The researchers monitored changes in the girls' hormonal levels throughout, focusing on cortisol (the stress hormone) and oxytocin. Oxtocin is a hormone that promotes feelings of social connectedness. It likewise helps calm us downward.

What patterns did the researchers run across?

For all girls, there was a sharp spike in cortisol levels immediately after their public operation.

Only the girls who got to spend time with their moms—either in person or on the phone—experienced the fastest recovery. Their cortisol levels returned to baseline inside 30 minutes. And their oxytocin levels got a boost that lasted for at least one hour.

The girls who didn't interact with their mothers at all? Their cortisol levels continued to rise after the stress test. And they didn't experience any boost in oxytocin.

So mothers delivered some pretty dramatic benefits to their children, and they were capable of doing so without fifty-fifty being physically present. They could meliorate their children'south stress response by using their voices lonely.

Are mothers the only people who tin produce these effects?

little boy cheerfully talking to his father

Surely non. Mothers' voices affect children considering mothers play such an important part in children'due south lives.

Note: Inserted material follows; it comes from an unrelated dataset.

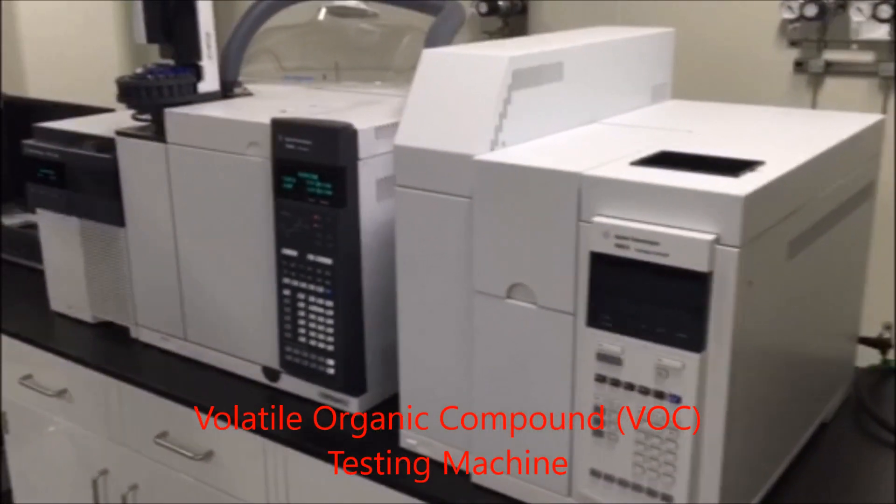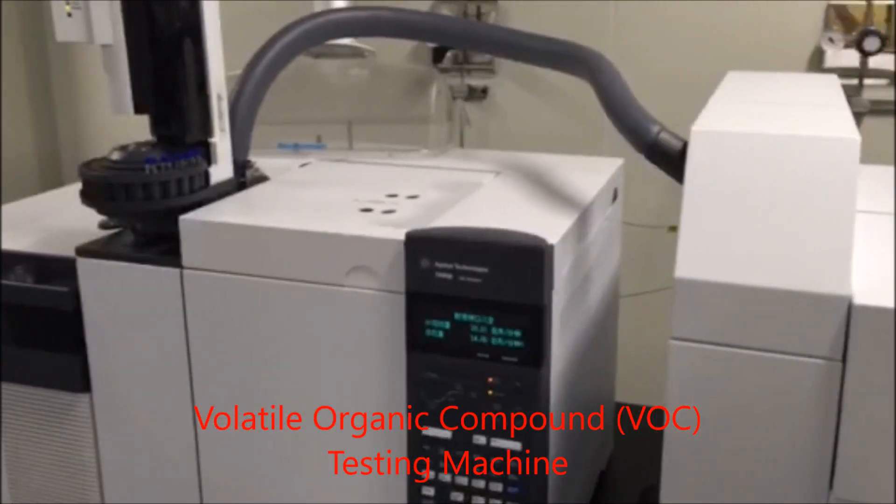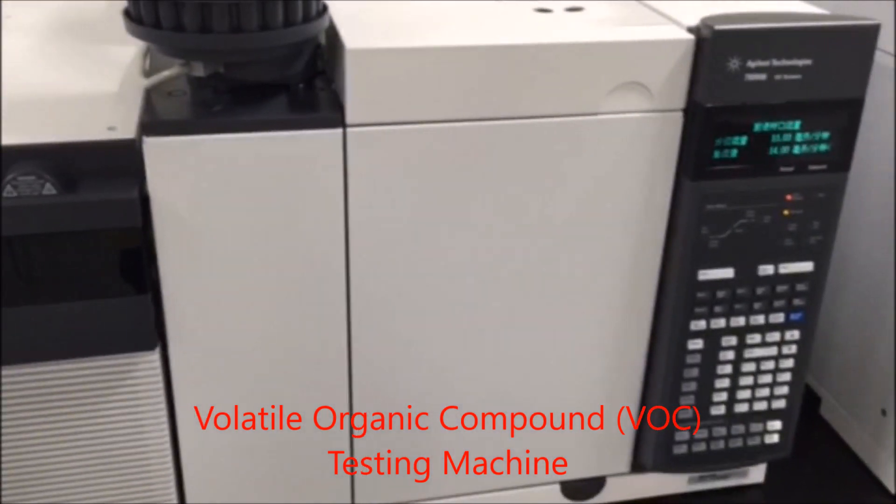This is a VOC testing machine. This will actually test the off-gassing and the chemicals that are in any product.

When other individuals play important roles, they, as well, may have an influence.

Consider, for example, what happens to you, as an adult, when y'all talk with a friend.

A friendly talk lifts your mood. It makes you experience more socially-connected and secure.

And — just as we saw in the case of Leslie Seltzer'southward experiment on young girls — your chat may trigger measurable changes in your brain chemistry.

In experiments on adults, people who engaged in conversations with friends experienced immediate reductions in cortisol. They also experienced a surge of oxytocin (Djalovsky et al 2021).

And so while there may exist a kind of magic in a mother's vocalisation, it isn't an exclusive form of magic. Nosotros're probably affected by the voices of any people who are nearly and dear to united states, in i way or some other.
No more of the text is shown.